Goldman Sachs is a leading financial services company that has four revenue-generating divisions-Investment Banking, Investment Management, Securities, and Merchant Banking. Defs. 56.1 ¶¶ 1-6, ECF No. 1241. These divisions are split into numerous specialized business units. See, e.g., ECF No. 265-1. Plaintiffs worked in three of the revenue generating divisions. See Class Cert. Order at 2-4, ECF No. 578. In these three divisions, Goldman Sachs employed two systems for evaluating employees, known as “360 review” and “quartiling.” Pls. 56.1 ¶ 1, ECF No. 1257. For promotions from Vice President to Managing Director, Goldman Sachs used a process called “cross-ruffing.” Class Cert. Order at 8-10.
On September 16, 2010, Plaintiffs filed a class action alleging intentional discrimination, disparate impact discrimination, retaliation, and pregnancy discrimination claims under Title VII and the NYCHRL. See Compl. The Honorable Leonard B. Sand originally presided over this case before it was reassigned to the undersigned on May 24, 2013. ECF No. 181. The Court previously determined that the named plaintiffs have standing. See ECF No. 479; Class Cert. Order at 10-12.
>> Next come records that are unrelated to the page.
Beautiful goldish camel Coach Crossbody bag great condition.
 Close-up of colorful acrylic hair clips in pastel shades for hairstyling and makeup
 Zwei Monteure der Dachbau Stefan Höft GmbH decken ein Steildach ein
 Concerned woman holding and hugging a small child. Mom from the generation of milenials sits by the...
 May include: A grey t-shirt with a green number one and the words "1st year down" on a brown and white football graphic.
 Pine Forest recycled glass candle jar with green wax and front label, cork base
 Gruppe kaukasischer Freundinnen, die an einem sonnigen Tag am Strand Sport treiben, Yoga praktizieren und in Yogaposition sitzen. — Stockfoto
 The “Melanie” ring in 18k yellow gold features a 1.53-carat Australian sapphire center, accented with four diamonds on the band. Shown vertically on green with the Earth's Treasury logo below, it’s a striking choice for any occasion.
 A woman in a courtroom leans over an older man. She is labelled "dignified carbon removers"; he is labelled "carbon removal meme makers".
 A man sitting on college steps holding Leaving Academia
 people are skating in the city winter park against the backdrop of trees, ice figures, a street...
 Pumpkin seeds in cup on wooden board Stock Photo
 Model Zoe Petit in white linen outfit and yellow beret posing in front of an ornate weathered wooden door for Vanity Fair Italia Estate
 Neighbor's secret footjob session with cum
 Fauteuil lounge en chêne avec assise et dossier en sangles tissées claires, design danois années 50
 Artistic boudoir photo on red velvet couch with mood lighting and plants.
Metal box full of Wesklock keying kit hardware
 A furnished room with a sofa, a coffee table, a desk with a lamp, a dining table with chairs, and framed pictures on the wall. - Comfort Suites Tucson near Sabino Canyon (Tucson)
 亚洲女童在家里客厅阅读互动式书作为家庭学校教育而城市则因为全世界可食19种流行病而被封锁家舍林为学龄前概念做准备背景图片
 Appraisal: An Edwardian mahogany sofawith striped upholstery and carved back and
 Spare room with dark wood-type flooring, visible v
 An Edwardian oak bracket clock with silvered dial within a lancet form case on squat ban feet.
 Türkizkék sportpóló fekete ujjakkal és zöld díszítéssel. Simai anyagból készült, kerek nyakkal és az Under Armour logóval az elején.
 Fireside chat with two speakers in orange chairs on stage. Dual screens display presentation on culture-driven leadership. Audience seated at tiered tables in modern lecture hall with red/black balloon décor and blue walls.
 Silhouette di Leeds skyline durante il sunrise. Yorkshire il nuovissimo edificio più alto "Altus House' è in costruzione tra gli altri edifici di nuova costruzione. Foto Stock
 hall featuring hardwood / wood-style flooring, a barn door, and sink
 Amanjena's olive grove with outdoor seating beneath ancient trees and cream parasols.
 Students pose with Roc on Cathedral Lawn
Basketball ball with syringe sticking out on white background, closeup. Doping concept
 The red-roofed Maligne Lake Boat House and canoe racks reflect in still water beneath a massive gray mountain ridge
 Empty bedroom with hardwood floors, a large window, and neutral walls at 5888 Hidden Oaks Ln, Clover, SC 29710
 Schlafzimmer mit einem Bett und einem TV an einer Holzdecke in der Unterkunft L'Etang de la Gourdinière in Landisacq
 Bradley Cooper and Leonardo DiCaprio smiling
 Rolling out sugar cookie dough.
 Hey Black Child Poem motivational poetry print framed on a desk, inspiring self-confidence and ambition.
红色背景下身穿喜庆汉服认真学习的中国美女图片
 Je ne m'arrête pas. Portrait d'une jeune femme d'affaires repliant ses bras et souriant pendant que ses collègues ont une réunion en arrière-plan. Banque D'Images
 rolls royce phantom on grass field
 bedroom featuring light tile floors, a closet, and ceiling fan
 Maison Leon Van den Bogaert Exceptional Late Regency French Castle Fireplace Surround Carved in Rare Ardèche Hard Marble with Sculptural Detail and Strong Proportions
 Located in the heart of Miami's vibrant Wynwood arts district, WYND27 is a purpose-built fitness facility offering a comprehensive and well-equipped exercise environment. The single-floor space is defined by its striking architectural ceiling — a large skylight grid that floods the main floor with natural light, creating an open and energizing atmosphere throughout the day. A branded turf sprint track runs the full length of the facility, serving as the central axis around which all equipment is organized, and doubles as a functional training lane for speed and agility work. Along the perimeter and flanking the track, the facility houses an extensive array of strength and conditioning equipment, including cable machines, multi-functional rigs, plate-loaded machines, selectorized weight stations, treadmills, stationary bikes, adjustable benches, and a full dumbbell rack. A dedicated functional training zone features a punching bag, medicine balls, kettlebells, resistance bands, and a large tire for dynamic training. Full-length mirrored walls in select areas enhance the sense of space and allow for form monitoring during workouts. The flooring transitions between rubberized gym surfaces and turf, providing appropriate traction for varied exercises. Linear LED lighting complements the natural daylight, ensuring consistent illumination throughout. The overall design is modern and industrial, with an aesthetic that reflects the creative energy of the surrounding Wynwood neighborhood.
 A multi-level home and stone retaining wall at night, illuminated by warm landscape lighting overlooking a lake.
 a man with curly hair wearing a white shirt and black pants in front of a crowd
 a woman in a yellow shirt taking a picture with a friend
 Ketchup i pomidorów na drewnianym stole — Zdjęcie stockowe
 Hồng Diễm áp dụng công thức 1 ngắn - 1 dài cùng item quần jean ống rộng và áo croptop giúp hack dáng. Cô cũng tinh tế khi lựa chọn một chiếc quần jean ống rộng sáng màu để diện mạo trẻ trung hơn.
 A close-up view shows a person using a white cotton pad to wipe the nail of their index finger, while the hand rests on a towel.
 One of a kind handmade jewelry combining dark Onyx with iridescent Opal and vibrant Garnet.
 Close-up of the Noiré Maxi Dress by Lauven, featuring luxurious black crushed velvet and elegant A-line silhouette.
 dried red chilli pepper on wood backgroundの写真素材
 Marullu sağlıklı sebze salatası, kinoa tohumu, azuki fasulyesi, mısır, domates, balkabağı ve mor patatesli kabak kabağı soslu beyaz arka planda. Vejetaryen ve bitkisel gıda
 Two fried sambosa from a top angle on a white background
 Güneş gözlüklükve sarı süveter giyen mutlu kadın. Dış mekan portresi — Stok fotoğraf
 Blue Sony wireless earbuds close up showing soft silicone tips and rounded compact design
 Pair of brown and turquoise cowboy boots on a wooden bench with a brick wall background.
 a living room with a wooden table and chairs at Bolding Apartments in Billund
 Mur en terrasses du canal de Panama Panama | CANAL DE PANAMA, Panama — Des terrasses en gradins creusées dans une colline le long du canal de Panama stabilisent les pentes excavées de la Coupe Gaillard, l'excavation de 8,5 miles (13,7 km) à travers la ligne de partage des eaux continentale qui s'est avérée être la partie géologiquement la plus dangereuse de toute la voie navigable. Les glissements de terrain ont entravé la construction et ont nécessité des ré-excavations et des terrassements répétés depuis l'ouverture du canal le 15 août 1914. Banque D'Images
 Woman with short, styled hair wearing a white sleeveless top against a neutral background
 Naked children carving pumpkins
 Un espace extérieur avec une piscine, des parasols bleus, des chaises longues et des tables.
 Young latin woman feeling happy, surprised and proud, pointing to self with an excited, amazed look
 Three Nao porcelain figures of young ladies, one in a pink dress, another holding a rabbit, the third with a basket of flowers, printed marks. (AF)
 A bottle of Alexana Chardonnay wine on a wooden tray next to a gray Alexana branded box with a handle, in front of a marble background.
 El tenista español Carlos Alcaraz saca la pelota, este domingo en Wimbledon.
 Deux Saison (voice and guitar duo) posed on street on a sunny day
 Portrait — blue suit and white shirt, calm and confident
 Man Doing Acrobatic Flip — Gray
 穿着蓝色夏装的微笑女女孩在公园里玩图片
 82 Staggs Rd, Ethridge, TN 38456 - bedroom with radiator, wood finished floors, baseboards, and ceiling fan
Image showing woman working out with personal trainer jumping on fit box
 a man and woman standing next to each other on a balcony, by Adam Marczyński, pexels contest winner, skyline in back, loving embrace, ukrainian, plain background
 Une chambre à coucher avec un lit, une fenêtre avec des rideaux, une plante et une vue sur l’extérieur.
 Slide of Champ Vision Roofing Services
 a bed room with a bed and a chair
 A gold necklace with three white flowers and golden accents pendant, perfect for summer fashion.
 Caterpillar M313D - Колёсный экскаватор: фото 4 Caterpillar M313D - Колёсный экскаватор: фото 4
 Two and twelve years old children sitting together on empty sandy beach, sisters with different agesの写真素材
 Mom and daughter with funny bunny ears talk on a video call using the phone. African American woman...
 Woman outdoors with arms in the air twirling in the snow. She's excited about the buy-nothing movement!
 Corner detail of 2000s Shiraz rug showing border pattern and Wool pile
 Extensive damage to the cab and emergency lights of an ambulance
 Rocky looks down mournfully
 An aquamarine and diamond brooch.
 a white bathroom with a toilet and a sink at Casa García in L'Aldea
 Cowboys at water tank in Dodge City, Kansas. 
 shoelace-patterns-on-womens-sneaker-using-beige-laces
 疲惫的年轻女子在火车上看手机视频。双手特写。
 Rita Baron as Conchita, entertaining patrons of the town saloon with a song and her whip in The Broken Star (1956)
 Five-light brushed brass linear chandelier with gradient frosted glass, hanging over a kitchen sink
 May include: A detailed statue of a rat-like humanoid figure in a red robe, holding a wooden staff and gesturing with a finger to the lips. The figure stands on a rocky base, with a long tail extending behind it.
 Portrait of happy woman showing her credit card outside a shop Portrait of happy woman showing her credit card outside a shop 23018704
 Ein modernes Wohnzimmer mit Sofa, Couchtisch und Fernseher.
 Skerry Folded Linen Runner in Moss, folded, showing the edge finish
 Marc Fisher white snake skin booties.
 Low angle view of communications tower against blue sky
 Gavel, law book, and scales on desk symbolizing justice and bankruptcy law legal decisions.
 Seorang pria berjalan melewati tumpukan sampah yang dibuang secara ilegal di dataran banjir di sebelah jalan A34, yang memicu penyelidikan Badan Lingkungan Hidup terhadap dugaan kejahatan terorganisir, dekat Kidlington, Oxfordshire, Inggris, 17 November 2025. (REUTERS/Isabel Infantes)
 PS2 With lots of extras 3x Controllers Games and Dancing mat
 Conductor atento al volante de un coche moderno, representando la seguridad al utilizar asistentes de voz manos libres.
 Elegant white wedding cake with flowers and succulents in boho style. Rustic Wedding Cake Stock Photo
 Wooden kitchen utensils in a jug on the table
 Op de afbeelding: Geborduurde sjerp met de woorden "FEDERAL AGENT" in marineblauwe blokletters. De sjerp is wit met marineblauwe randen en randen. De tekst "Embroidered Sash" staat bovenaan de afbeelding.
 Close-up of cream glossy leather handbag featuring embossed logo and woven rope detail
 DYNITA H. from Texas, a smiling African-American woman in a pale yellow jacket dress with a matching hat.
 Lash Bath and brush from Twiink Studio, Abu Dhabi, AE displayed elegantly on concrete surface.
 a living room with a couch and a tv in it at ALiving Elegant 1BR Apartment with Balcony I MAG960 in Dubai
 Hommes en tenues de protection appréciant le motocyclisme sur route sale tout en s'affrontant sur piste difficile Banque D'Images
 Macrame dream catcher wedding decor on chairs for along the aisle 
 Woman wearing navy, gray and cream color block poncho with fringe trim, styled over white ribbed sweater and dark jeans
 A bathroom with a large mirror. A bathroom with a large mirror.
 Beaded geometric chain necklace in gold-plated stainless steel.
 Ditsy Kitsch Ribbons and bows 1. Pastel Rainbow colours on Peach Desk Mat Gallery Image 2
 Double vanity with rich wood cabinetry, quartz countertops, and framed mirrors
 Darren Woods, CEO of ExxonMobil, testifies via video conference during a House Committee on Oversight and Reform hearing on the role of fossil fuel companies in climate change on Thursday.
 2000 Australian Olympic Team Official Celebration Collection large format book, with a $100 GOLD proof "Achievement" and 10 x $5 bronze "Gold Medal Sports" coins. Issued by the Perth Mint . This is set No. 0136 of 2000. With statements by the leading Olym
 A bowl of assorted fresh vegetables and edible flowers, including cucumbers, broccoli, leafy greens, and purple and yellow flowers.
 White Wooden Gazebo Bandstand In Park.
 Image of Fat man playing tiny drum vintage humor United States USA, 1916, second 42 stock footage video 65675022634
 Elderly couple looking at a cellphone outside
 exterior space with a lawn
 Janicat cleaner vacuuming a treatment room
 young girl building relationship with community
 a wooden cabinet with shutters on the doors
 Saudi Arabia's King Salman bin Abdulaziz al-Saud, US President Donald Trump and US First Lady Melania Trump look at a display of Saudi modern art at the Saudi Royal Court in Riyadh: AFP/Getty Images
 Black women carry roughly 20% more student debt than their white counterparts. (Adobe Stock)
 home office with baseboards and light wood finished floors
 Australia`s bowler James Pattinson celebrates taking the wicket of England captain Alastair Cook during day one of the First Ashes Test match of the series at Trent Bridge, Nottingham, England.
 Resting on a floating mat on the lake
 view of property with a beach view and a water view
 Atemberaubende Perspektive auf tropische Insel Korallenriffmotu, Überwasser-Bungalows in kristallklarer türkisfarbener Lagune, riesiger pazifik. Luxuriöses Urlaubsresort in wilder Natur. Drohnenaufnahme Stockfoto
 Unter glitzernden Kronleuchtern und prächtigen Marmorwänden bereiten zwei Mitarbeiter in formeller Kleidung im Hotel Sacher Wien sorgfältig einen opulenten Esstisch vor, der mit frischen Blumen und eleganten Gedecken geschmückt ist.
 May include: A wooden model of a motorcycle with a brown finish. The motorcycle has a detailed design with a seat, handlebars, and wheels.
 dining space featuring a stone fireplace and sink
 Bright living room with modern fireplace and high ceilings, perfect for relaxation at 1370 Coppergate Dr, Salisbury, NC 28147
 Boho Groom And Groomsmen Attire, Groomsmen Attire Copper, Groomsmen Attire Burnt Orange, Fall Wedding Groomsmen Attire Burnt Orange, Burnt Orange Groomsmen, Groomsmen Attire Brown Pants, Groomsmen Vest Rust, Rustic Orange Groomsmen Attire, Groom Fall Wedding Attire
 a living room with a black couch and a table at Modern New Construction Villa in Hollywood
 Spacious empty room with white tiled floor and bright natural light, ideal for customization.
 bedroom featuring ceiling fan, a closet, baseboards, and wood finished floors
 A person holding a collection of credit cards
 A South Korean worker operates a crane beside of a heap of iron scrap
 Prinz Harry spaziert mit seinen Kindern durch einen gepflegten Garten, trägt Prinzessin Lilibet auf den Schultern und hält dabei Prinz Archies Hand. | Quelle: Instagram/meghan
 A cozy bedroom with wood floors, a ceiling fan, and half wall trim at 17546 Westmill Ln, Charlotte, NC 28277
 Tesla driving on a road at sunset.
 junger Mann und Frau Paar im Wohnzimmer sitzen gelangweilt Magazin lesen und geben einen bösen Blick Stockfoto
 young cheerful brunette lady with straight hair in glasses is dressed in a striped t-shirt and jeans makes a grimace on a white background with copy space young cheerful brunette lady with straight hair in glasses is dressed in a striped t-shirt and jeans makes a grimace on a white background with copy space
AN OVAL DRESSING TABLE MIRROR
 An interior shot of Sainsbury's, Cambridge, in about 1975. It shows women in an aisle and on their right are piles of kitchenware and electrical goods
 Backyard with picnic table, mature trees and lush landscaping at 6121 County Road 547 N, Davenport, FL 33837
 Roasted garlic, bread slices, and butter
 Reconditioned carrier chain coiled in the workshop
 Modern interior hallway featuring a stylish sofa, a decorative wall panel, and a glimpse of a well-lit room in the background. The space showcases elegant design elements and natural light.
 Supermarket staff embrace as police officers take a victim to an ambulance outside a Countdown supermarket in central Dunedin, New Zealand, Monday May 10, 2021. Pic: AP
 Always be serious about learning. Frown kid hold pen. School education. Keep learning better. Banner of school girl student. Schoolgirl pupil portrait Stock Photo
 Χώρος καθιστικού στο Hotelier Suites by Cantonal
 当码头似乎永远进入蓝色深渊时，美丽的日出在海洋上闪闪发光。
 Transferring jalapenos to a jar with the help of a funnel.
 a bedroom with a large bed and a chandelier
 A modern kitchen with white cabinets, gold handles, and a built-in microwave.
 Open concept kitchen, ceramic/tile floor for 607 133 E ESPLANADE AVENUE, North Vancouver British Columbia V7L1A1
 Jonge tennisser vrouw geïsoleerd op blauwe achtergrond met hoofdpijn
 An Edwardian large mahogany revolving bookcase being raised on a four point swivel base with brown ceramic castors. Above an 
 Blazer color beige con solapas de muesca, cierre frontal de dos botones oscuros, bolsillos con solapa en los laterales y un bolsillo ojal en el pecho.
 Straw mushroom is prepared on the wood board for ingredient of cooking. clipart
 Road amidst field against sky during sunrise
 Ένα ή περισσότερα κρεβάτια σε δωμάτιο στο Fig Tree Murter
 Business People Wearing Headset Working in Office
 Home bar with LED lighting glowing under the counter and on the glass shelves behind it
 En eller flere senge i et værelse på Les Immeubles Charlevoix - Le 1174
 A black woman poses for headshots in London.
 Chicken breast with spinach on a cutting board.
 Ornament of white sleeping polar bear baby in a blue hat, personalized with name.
On March 30, 2018, the Court certified a class consisting of female Associates and Vice Presidents employed in the United States by Goldman Sachs and its predecessors in three of the revenue-generating divisions-Investment Banking, Investment Management, and Securities- who were subject to 360 review, quartiling, or cross-ruffing, pursuant to Federal Rule of Civil Procedure 23(b)(3) (the “Class Certification Order”). See Class Cert. Order at 22-49. The class includes: (1) female Associates and Vice Presidents in the three divisions who were subject to either 360 review, quartiling, or both 360 review and quartiling from July 7, 2002, for those based in New York City and from September 10, 2004, for all other U.S.-based individuals through the resolution of this action, and (2) female Vice Presidents from the three divisions who were subject to the cross-ruffing process during the same time periods. See Order at 4. The Court concluded that certification was warranted because Plaintiffs had demonstrated that Defendants had employed a “common mode of exercising discretion,” through the three processes, to support a disparate impact class. Class Cert. Order at 24-28, 41 (citation omitted). The Court found that class resolution was also appropriate for Plaintiffs' disparate treatment claim, which relied on the same statistical evidence. Id. at 41, 45-47.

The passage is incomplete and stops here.